WHAT IS REQUIRED
Please retype the records below exactly, omitting any images.

PROVIDED ENTRIES
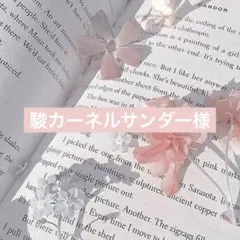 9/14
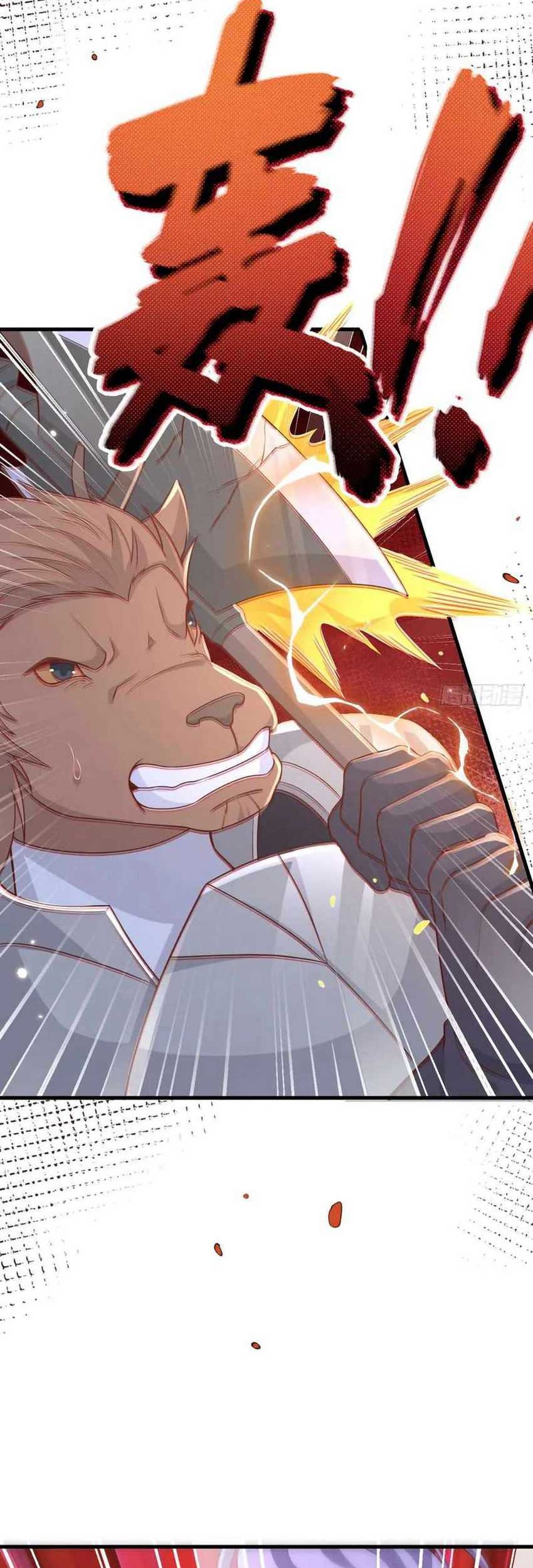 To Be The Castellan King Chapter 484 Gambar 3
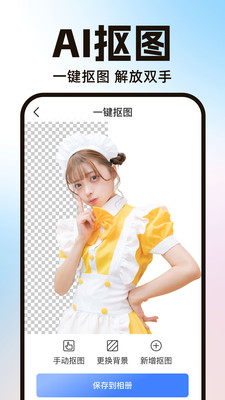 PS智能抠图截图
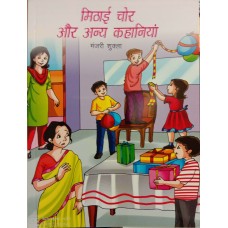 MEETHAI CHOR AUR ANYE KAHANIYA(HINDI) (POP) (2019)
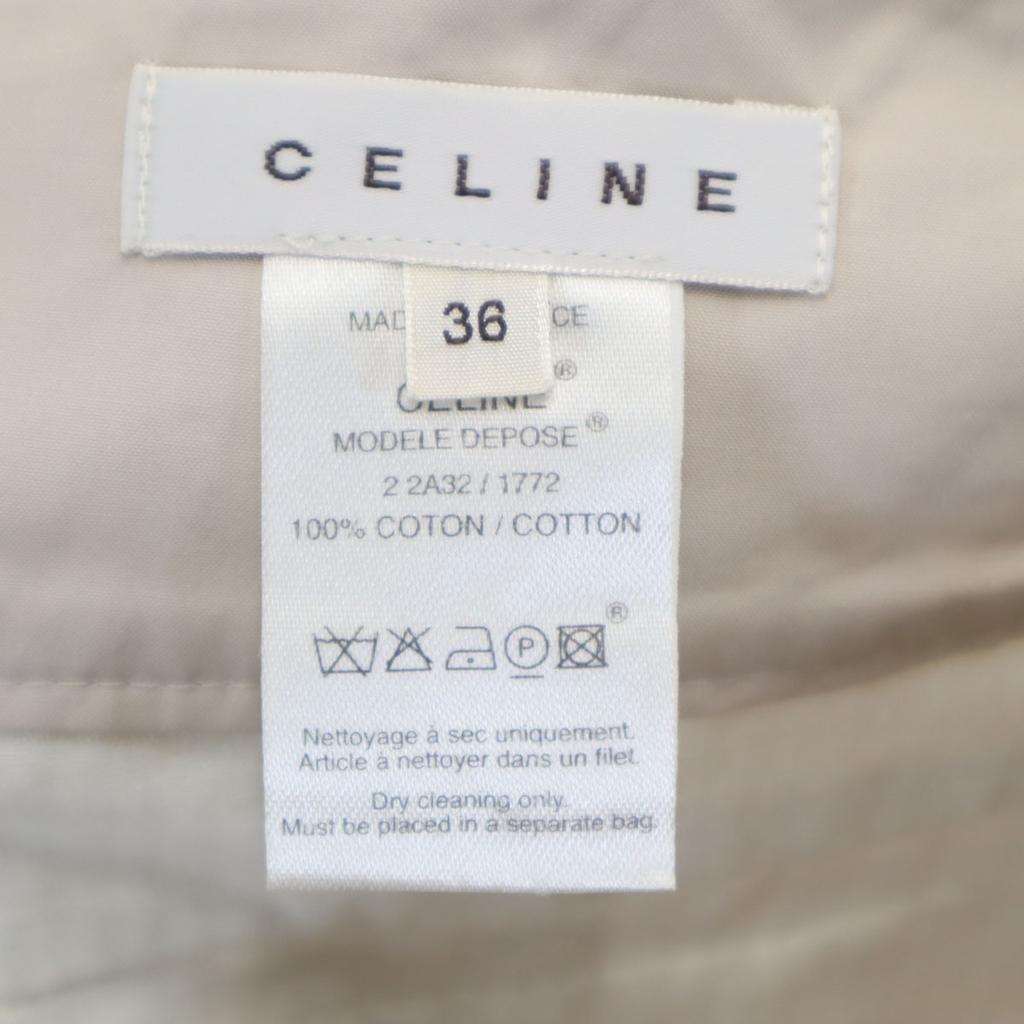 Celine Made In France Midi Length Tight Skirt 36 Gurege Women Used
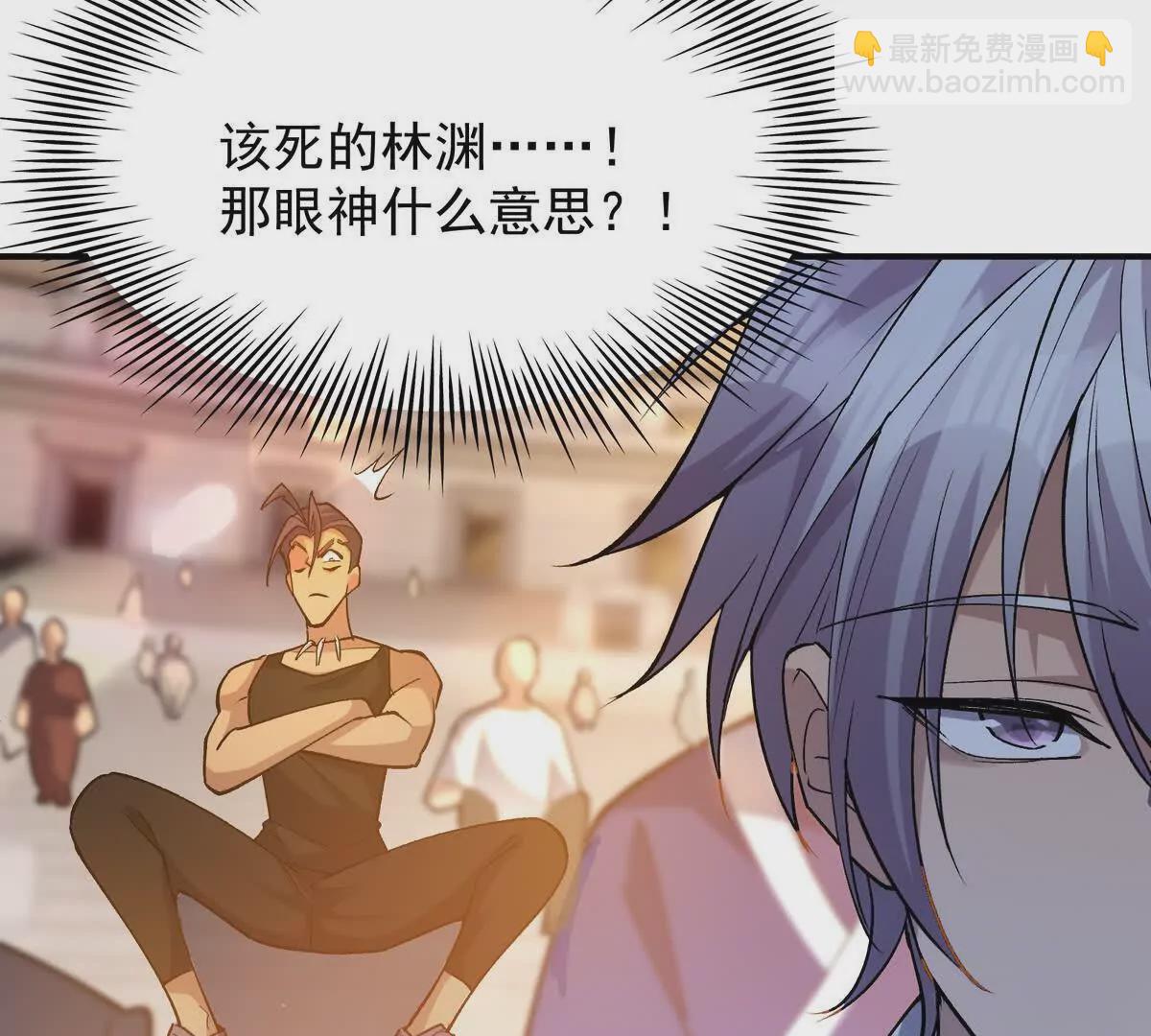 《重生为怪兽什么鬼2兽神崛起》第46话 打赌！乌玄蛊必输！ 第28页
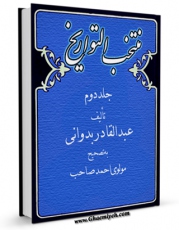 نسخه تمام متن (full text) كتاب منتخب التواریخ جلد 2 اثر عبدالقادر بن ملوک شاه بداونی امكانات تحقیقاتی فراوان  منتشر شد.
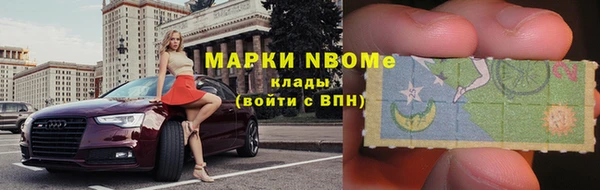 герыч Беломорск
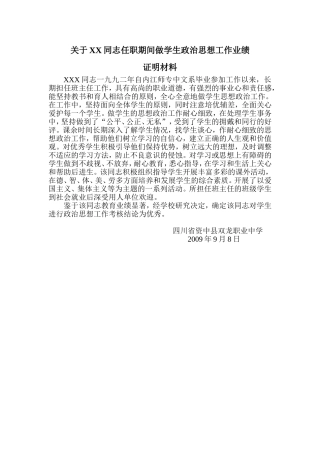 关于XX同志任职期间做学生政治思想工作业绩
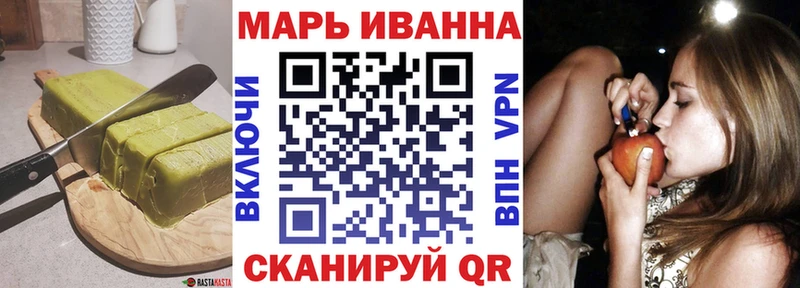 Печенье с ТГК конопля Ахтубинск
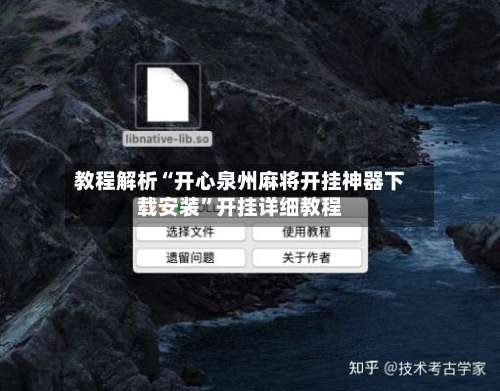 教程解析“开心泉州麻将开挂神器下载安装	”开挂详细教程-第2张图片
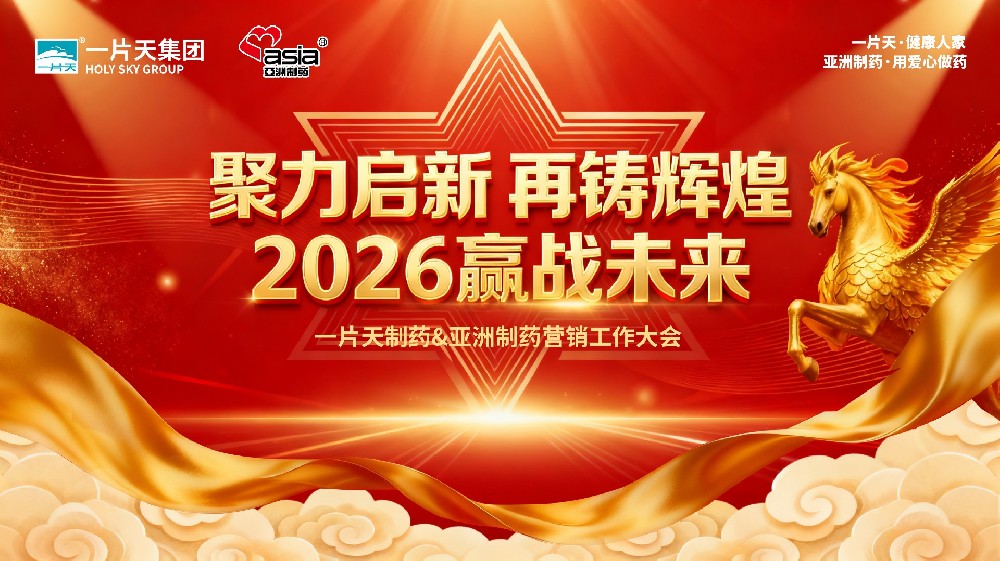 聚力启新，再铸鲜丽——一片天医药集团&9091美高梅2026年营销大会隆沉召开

EXERCISE SOLUTION
 9/14
 To Be The Castellan King Chapter 484 Gambar 3
 PS智能抠图截图
 MEETHAI CHOR AUR ANYE KAHANIYA(HINDI) (POP) (2019)
 Celine Made In France Midi Length Tight Skirt 36 Gurege Women Used
 《重生为怪兽什么鬼2兽神崛起》第46话 打赌！乌玄蛊必输！ 第28页
 نسخه تمام متن (full text) كتاب منتخب التواریخ جلد 2 اثر عبدالقادر بن ملوک شاه بداونی امكانات تحقیقاتی فراوان  منتشر شد.
 герыч Беломорск
 关于XX同志任职期间做学生政治思想工作业绩
 Печенье с ТГК конопля Ахтубинск
 教程解析“开心泉州麻将开挂神器下载安装	”开挂详细教程-第2张图片
 聚力启新，再铸鲜丽——一片天医药集团&9091美高梅2026年营销大会隆沉召开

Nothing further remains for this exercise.